The “NoSQL” database Cassandra has established itself as a leader in raw I/O capability. Its eventual consistency and distributed hash algorithms allow it to efficiently migrate data through a network graph. The result is a streamlined path from where data is ingested to where it is used.
Hadoop is fast-becoming the industry standard for distributed processing. Its ability to individually scale parts of an algorithm as well as a whole job help developers eliminate bottlenecks in the data flow and utilize all of the hardware at their disposal.
Together, Hadoop and Cassandra provide a highly scalable framework on which to build analytical applications that operate over massive amounts of data.
OSC developed a custom map-reduce job that fed all of the existing data through various web services and stored the resulting tracks with the originals.
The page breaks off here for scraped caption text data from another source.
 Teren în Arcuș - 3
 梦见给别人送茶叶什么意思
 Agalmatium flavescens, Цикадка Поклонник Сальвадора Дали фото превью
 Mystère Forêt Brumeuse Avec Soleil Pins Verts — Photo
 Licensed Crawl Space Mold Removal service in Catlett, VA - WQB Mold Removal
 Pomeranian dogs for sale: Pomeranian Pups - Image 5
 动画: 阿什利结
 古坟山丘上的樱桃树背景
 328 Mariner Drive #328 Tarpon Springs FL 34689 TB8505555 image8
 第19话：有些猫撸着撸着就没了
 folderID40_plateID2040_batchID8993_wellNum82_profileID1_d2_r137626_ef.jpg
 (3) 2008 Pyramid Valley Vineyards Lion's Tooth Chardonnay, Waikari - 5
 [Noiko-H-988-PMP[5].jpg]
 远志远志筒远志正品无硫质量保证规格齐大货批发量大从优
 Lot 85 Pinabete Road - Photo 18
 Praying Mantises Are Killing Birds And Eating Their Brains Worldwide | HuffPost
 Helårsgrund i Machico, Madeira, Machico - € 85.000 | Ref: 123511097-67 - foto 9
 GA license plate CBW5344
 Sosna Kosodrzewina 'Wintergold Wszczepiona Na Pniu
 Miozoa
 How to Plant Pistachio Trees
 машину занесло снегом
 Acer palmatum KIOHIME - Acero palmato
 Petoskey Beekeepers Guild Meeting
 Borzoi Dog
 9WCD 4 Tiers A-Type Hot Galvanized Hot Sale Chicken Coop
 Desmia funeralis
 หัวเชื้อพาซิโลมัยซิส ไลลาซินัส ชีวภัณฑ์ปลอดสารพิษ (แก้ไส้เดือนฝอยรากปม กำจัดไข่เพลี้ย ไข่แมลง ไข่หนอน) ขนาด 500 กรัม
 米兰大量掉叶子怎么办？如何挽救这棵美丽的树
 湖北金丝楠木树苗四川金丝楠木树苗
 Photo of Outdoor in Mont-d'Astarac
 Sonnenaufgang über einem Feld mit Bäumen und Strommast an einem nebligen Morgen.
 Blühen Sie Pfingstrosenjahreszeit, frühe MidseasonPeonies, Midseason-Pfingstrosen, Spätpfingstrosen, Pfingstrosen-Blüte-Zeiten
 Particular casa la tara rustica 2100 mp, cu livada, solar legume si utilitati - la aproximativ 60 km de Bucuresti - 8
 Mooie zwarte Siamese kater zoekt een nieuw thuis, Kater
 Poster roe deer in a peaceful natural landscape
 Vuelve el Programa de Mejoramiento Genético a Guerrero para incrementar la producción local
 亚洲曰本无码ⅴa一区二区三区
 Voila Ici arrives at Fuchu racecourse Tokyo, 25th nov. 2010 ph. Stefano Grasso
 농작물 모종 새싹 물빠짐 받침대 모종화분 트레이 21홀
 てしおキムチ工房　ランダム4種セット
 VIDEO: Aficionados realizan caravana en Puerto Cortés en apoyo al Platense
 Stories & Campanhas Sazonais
Each I/O record of the job aligned with its Hadoop processing node and instances of third-party web services to evenly divide the workload and ensure minimal network traffic. After processing the historical data, the client was then able to reuse the same map-reduce process to quickly ingest new records in both bulk and ad hoc form. The new meta-data resulted in an order of magnitude increase in track data points made available for analysis.
The system was tested by using public data of taxi cabs driving in San Francisco.